DATA FOR REVIEW: Begin

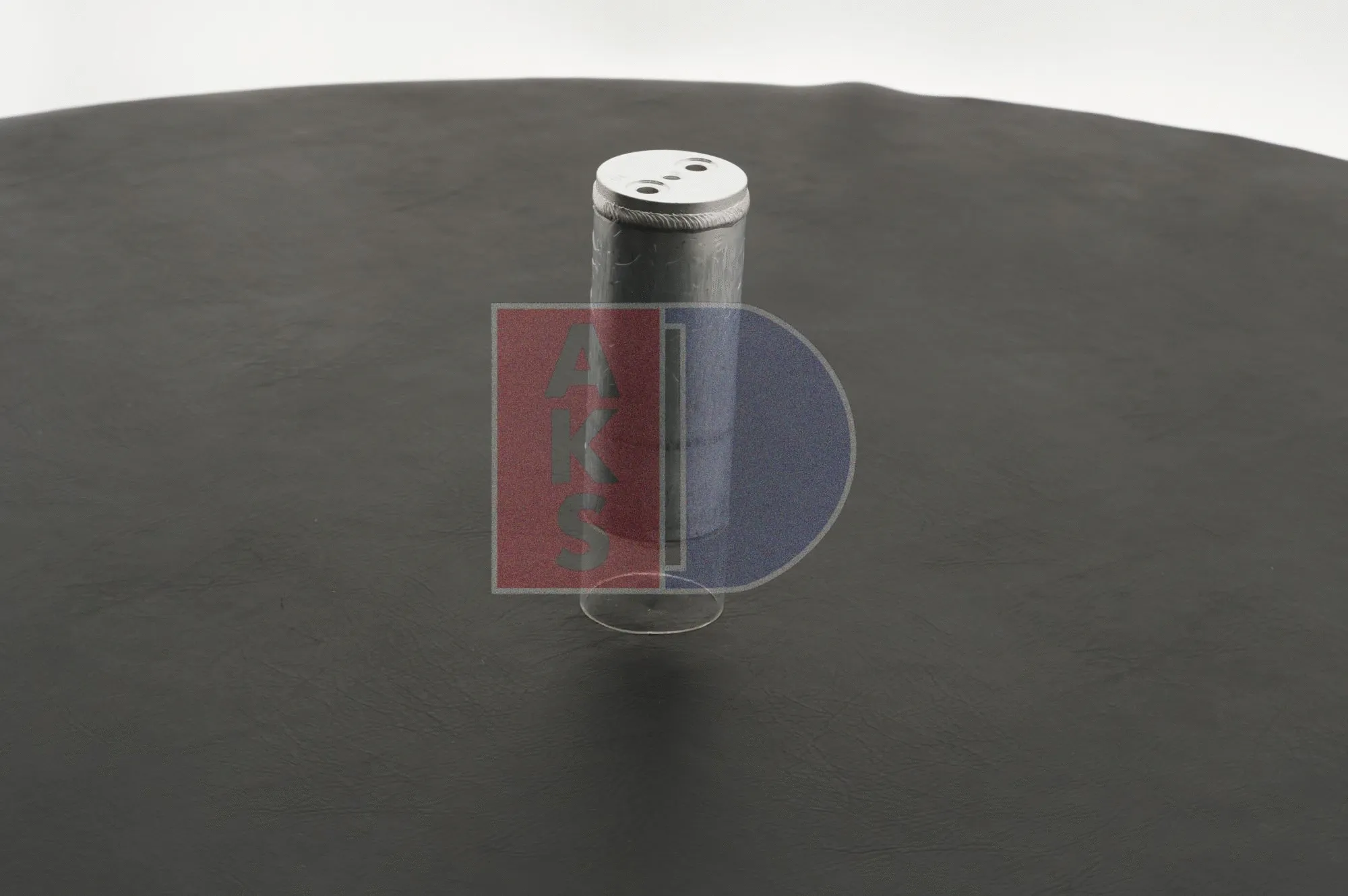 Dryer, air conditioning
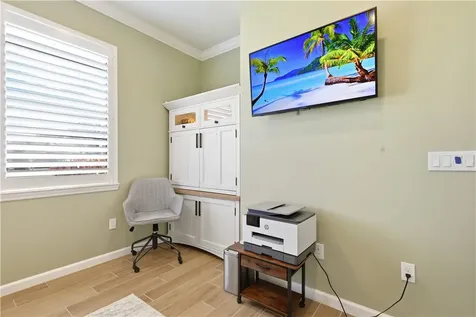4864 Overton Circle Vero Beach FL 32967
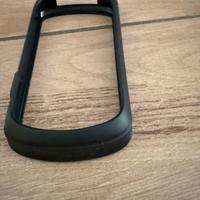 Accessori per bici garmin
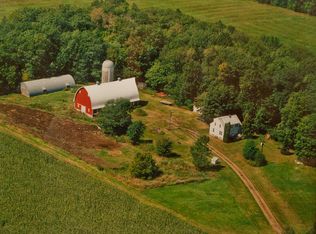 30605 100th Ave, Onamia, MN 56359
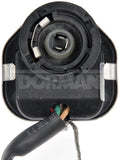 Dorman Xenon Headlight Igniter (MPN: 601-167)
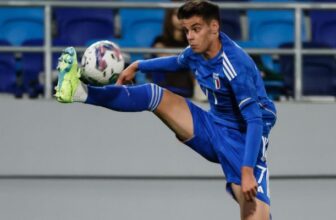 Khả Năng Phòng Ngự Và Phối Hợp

DATA FOR REVIEW: End

WHAT YOU HAVE TO DO:
Starting at the line that contains "Accessori per bici garmin" and ending with the last line of the data, transcribe every line exactly; skip the pictures.

YOUR RESPONSE:
 Accessori per bici garmin
 30605 100th Ave, Onamia, MN 56359
 Dorman Xenon Headlight Igniter (MPN: 601-167)
 Khả Năng Phòng Ngự Và Phối Hợp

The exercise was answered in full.